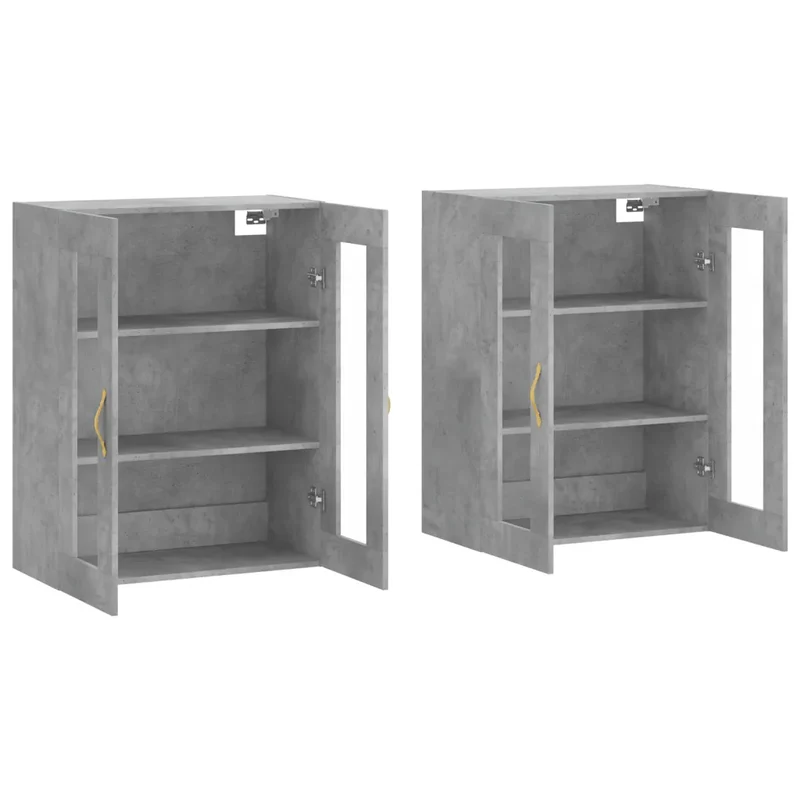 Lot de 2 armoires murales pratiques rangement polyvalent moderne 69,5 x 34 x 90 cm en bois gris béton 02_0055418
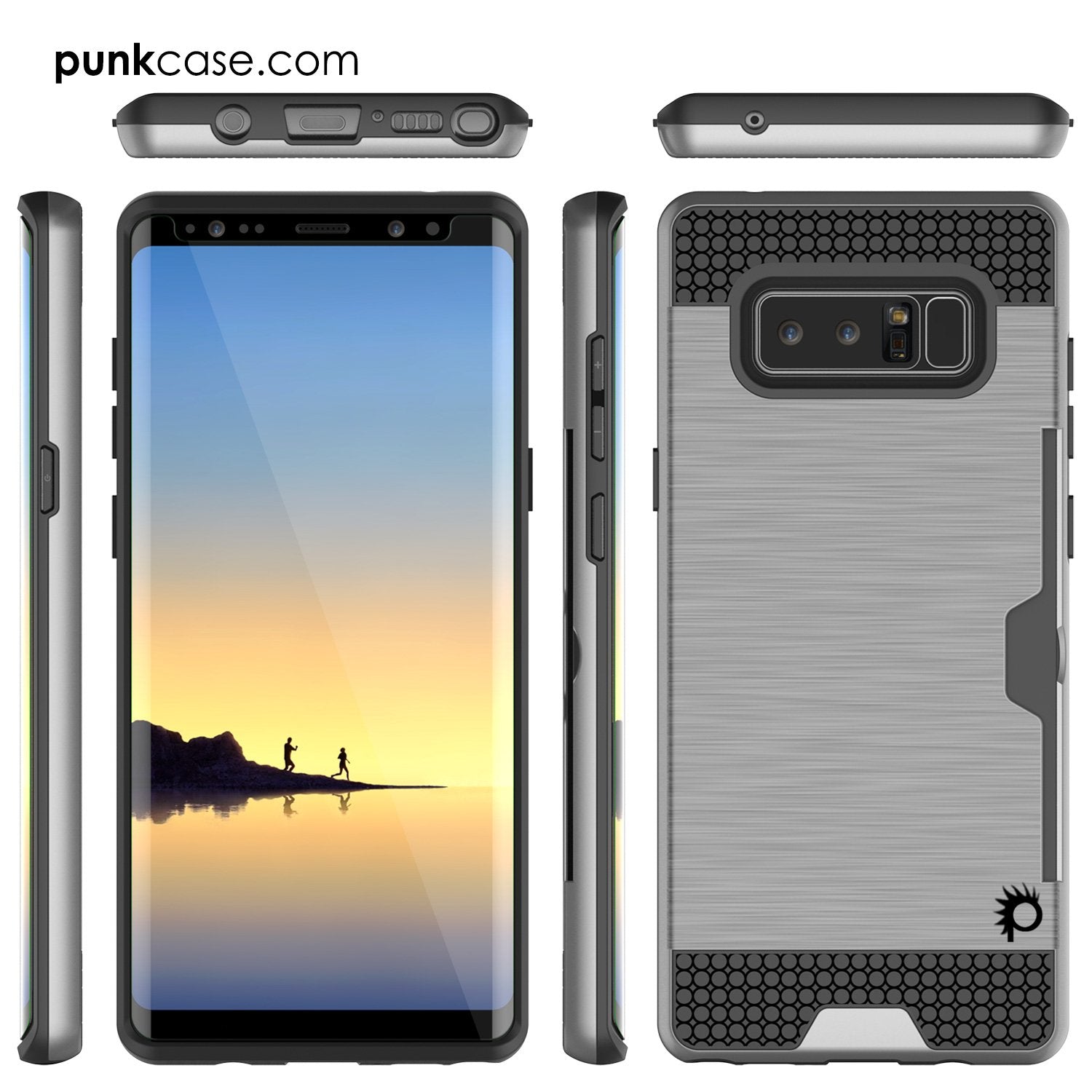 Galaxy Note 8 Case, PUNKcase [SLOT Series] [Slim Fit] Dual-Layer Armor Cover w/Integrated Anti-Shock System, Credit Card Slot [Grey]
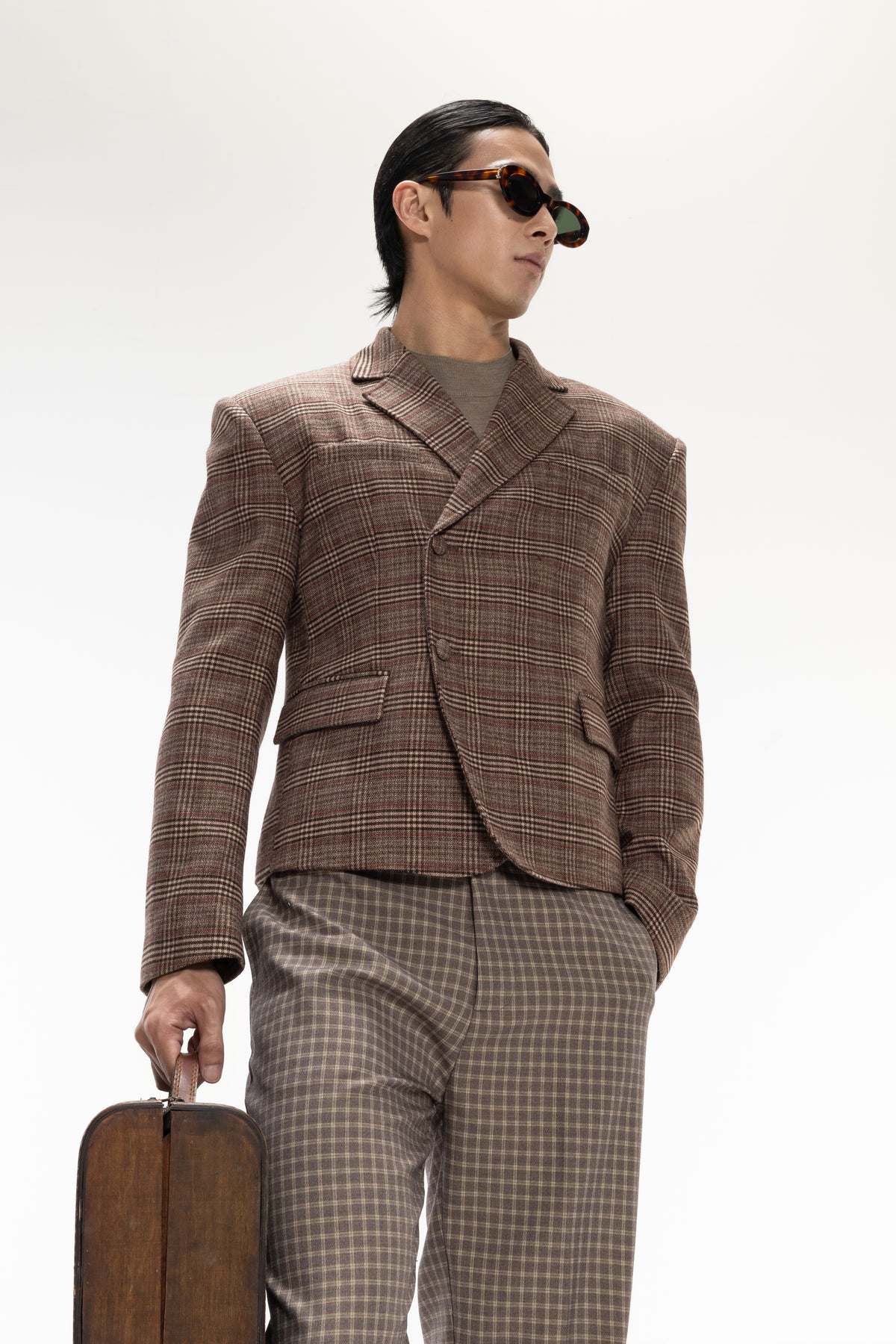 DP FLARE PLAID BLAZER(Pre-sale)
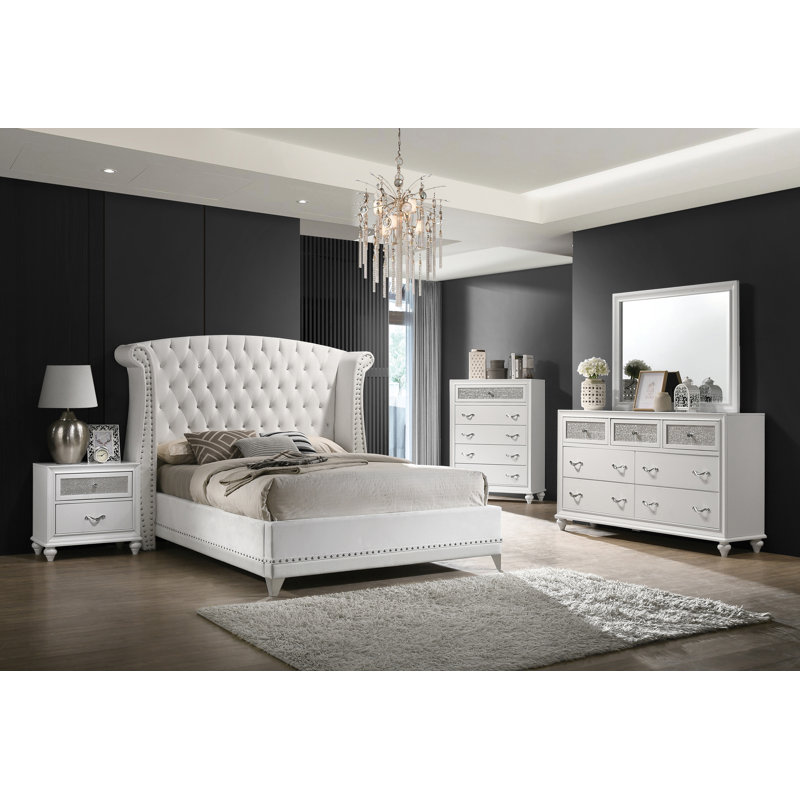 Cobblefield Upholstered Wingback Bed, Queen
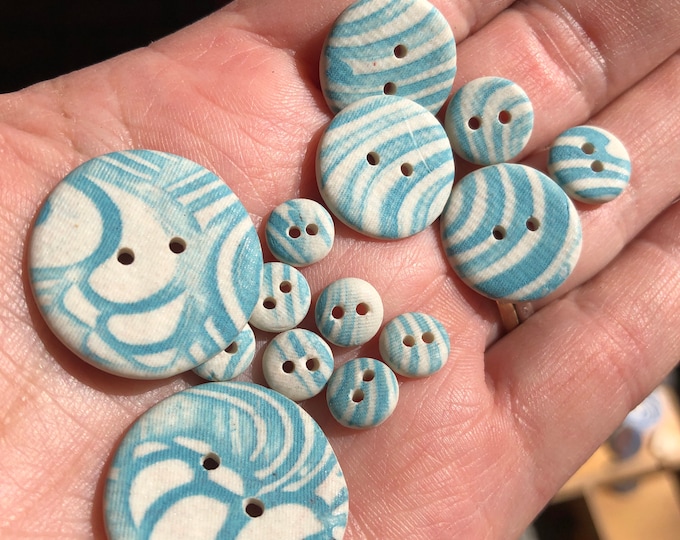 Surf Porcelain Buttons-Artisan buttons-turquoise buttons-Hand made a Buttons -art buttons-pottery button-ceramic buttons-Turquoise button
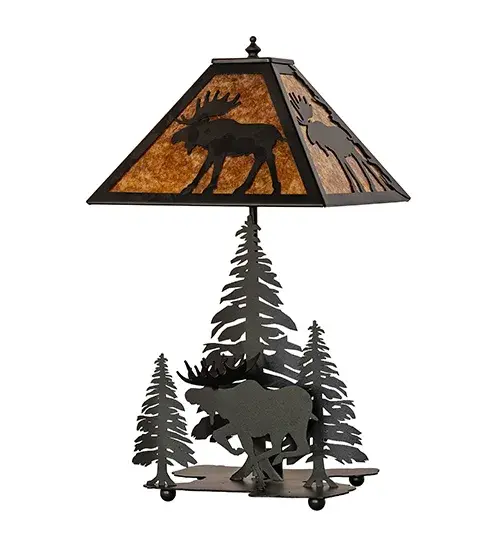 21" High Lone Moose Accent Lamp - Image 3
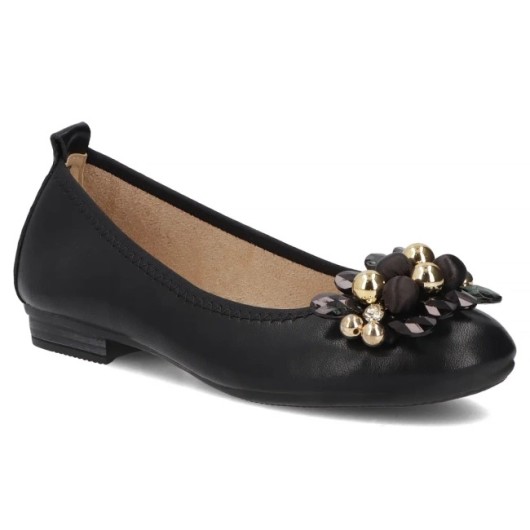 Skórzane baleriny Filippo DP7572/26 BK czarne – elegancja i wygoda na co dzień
━━━━━━
→ **ASSIGNMENT**
Pictures excluded, write out exactly and only the lines of the material from the one containing "Surf Porcelain Buttons-Artisan" up to and including the last line.

→ **YOUR RESPONSE**
 Surf Porcelain Buttons-Artisan buttons-turquoise buttons-Hand made a Buttons -art buttons-pottery button-ceramic buttons-Turquoise button
 21" High Lone Moose Accent Lamp - Image 3
 Skórzane baleriny Filippo DP7572/26 BK czarne – elegancja i wygoda na co dzień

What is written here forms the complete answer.